### About this task
Once you reach the line with "Royal Blue Solid" below, copy each line exactly, stopping after the line with "Timber industry icons set red vector", and skip any pictures.

### The records
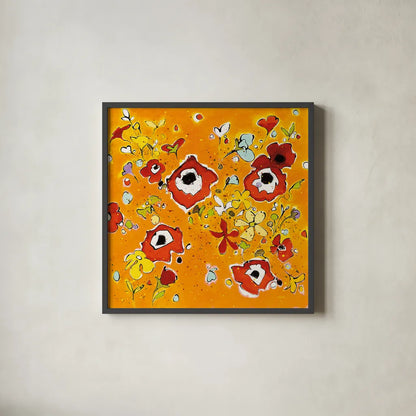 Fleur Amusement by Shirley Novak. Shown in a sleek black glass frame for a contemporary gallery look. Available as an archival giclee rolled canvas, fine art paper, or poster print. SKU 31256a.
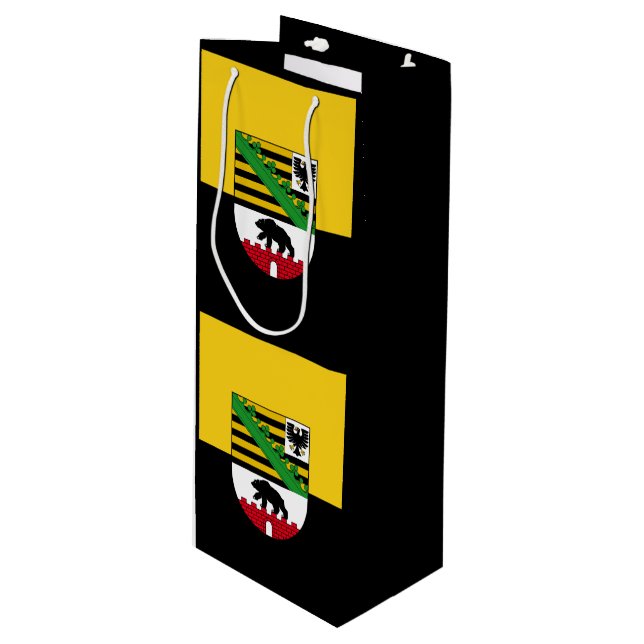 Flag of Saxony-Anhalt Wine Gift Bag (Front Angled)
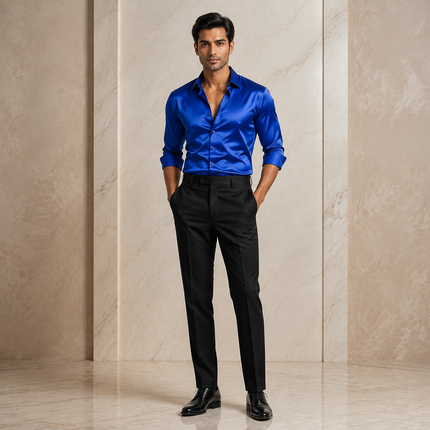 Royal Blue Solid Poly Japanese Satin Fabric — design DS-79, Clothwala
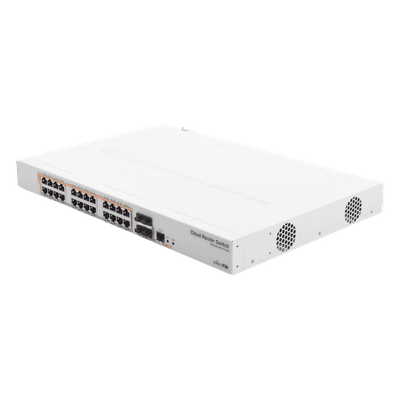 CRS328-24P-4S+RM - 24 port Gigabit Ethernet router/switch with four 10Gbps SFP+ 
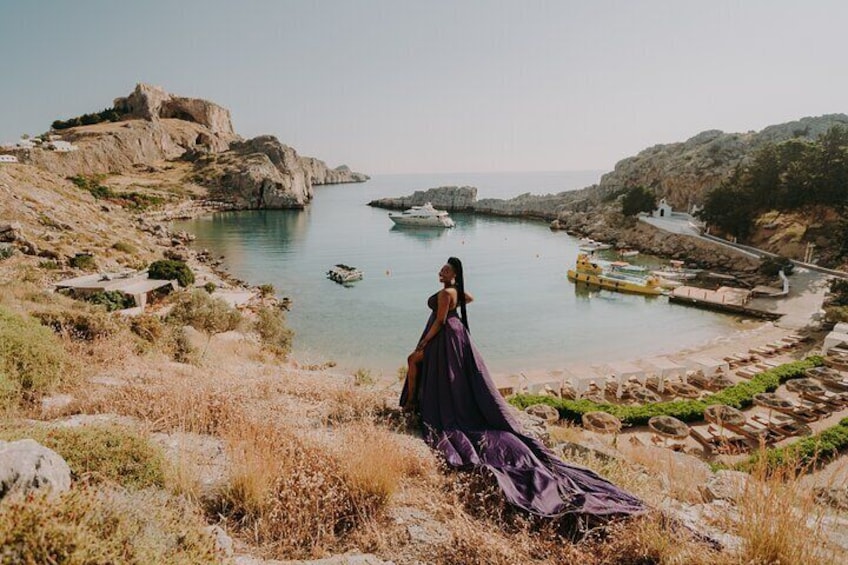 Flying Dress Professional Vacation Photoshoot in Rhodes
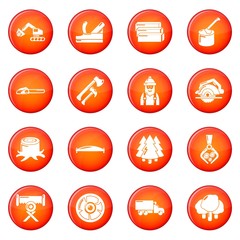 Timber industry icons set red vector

...

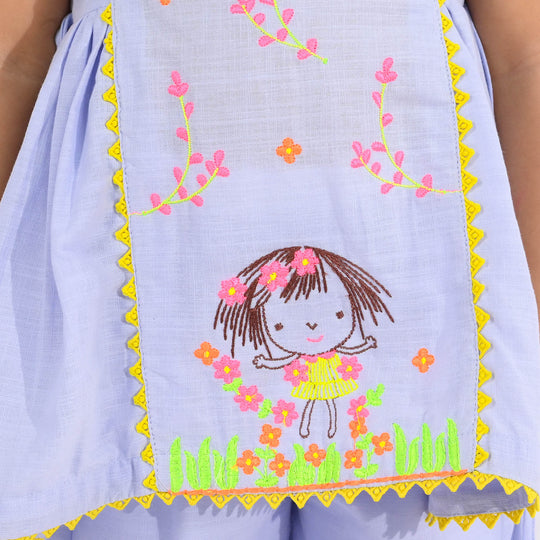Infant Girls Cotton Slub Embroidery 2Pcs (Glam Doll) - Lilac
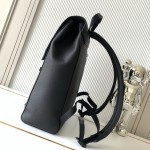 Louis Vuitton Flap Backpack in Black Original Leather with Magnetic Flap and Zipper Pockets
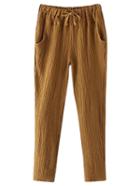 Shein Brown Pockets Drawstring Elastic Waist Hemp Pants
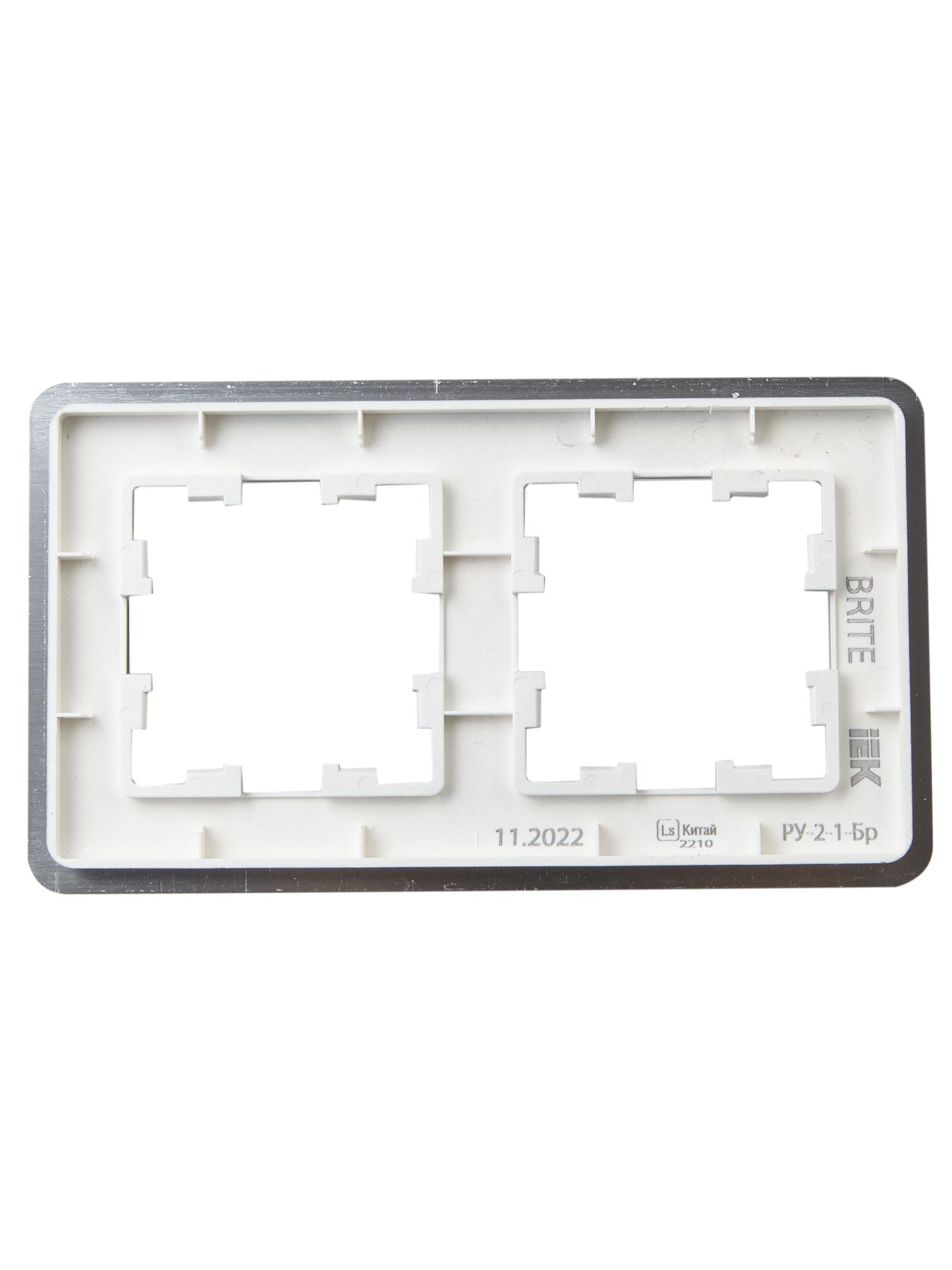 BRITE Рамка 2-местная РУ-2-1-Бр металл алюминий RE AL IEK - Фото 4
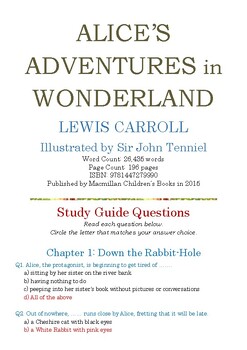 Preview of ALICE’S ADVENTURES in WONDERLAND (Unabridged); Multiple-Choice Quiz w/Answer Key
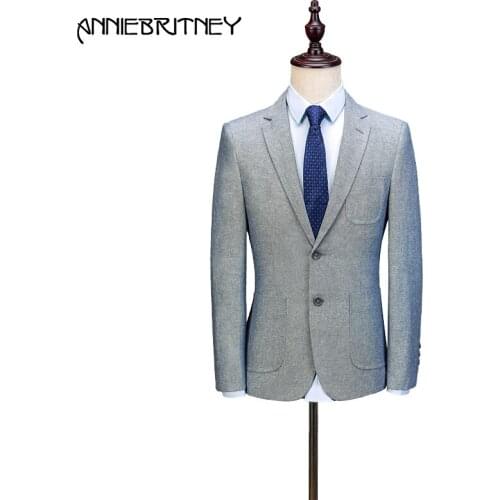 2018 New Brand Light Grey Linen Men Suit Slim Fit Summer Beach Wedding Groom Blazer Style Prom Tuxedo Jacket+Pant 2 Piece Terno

### Solved exercise
 Royal Blue Solid Poly Japanese Satin Fabric — design DS-79, Clothwala
 CRS328-24P-4S+RM - 24 port Gigabit Ethernet router/switch with four 10Gbps SFP+ 
 Flying Dress Professional Vacation Photoshoot in Rhodes
 Timber industry icons set red vector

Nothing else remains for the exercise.